Authorities seized the bull figurine from Shelby White, the investor, art collector and board member of the Metropolitan Museum of Art. The expansive collection she accrued with her late husband, Leon Levy, has come under scrutiny for including many artefacts with uncertain provenance. The district attorney's investigation into the collection has already resulted in the seizure of 89 stolen antiquities valued at over $69m and originating from ten different countries. White cooperated with investigators, according to the district attorney's announcement.


Shelby White is not a poor widow.  She's 84 years old and sitting on millions.  She's used that money to try to buy herself a life in the last two decades.

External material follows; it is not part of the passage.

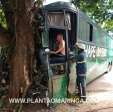 Fotos de Ônibus adesivado com logo da chapecoense sofre acidente em Maringá-pr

That money bought her a seat on a government committee that was supposed to be figuring out the illegal artifact trade and how to stop it.  Yes, Bill Clinton put the fox in the henhouse.  This latest revelation is not a shock.  She and her dead husband profited from looting and illegal trade.   Sarah Cascone (ART NET) notes:


One, a Sumerian alabaster bull, belonged to philanthropist Shelby White, a member of the Metropolitan Museum of Art’s board of trustees. It joins a significant number of other objects from her collection that the Manhattan District Attorney’s Office has seized in the past two years.

[. . .]

Works from the couple’s holdings were among a group of Greek antiquities restituted in March. And earlier this month, the DA returned two seventh-century stone carvings to China that belonged to White and were on loan to the Met—part of a growing cache of antiquities either in the museum’s collection, or on view at the institution, that have been seized and/or repatriated due to looting in recent months. Reports suggest there is more where that came from. 

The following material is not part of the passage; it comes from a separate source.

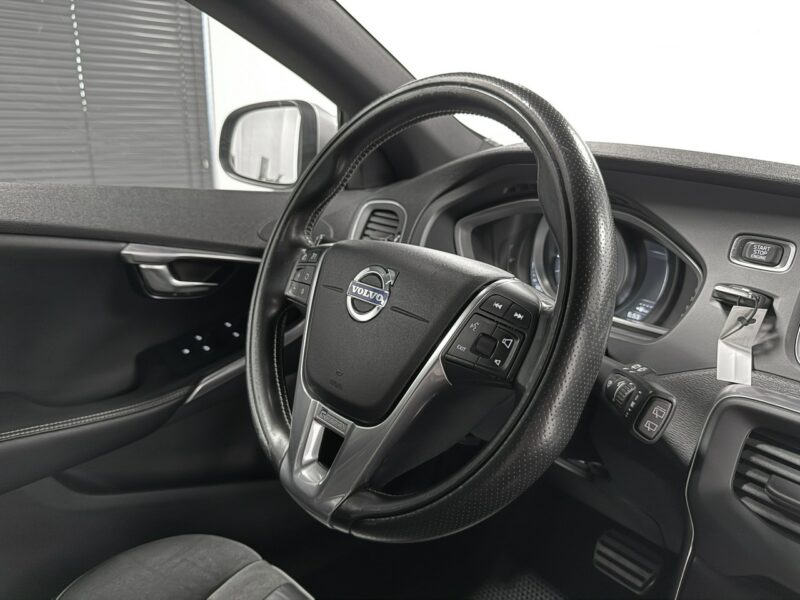 Volvo V40 2.0 Drive-E D3 150KM*R -DESIGN*Automat*Navi GPS*Sportsitze*ALU19*BLACK II (2012-)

I'm sure there are many more items to be found in 'their' collection.  WIKIPEDIA notes:


The Levy-White collection has been scrutinised for looted objects: in a 2000 article, archaeologists David Gill and Christopher Chippindale stated that 93 percent of the works at the exhibition Glories of the Past: Ancient Art from the Shelby White and Leon Levy Collection had no known provenance.[15]

Upon search warrants issued by the Manhattan District Attorney’s Office on 28 June, 2021, and April 27, 2022, objects were seized from White's Manhattan home and were returned to Turkey and Italy, these objets constituting "evidence of criminal possession of stolen property in the first, second, third, and fourth degrees, as well as of a conspiracy to commit those crimes"[16]

The Office of Manhattan District Attorney General seized 89 stolen antiquities, valued at $69 million and originating from 10 different countries, and returned some of them to Turkey[17] and Yemen.[18]

In May 2023, Chinese antiquities loaned to the Metropolitan Museum of Art by Shelby White were seized and returned to the Chinese Consulate.[19]